Das erfindungsgemäße Verfahren zum Datenaustausch zwischen einem Hörgeräüt (2) und anschließbaren Einheiten (1), beispielsweise einem elektroakustischen Wandler, umfasst das Auslesen (104) einer Identifikationskennung aus der Einheit (1), das Auslesen (105) von gespeicherten Daten aus der Einheit (1) und die Abgabe (106) von Daten an die Einheit (1). Eine dazugehörige Anordnung besitzt einen Schreib-/Lesespeicher (3) und ein Ablaufsteuerelement (4). Die Erfindung hat den Vorteil, dass die Einheiten (1) zuverlässig und störsicher erkannt werden.

Description

  • Die Erfindung bezieht sich auf ein im Patentanspruch 1 angegebenes Verfahren zum Datenaustausch mit einem Hörgerät und eine im Patentanspruch 3 angegebene dazugehörige Anordnung.

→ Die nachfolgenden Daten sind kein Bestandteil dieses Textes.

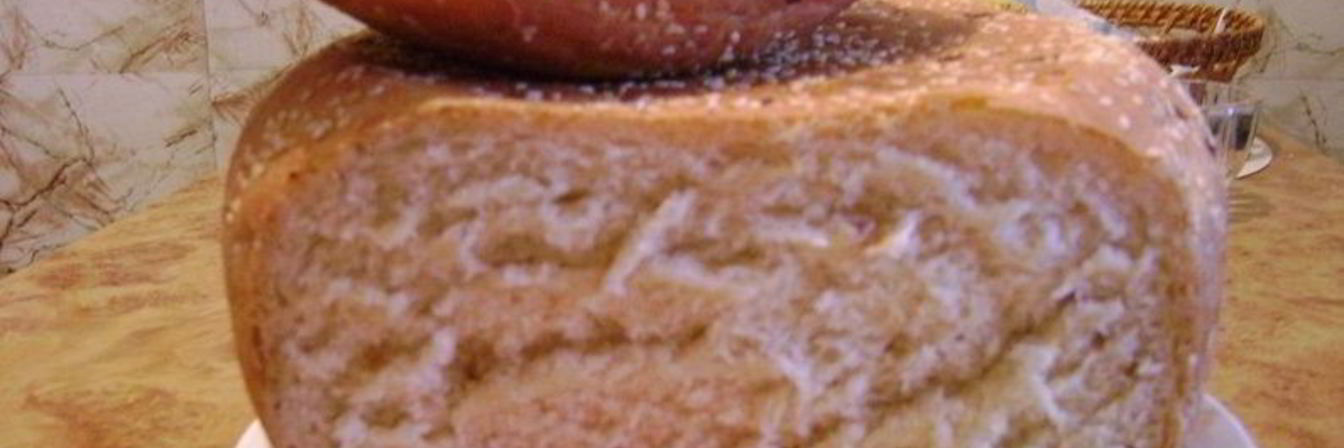 Луковый хлеб в мультиварке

  • Zahlreiche Hörgeräte sind mit der Möglichkeit ausgestattet, unterschiedliche, externe Module anzuschließen. Beispielsweise können verschiedene Audioschuhe oder Funk-Empfänger an ein Hinter-dem-Ohr-Teil eines Hörgeräts angeschlossen werden. Beim Verbinden beider Teile wird vom Hörgerät lediglich erkannt, ob ein externes Modul vorhanden ist.
  • Es ist Aufgabe der Erfindung eine verbesserte Erkennung von externen Hörgerätemodulen bereitzustellen.
  • Gemäß der Erfindung wird die gestellte Aufgabe mit einem Verfahren und einer Vorrichtung durch die in den unabhängigen Patentansprüchen aufgeführten Merkmale gelöst, indem Daten zwischen einer angeschlossenen Einheit und einem Hörgerät ausgetauscht werden.
  • Die Erfindung hat den Vorteil dass verschiedene, anschließbare Einheiten zuverlässig und störsicher erkannt werden.
  • Die Erfindung hat den weiteren Vorteil, dass das Hörgerät die für die jeweilige Einheit erforderlichen Betriebsparameter und Signalverarbeitungsalgorithmen bereitstellen oder aktivieren kann.
  • Die Erfindung bietet den weiteren Vorteil, dass Daten über die Betriebsdauer und/oder Verwendungshäufigkeit sowohl im Hörgerät als auch in der Einheit gespeichert werden können.
  • Die Erfindung hat den weiteren Vorteil, dass Daten zeit- oder ereignisgesteuert auswählbar sind.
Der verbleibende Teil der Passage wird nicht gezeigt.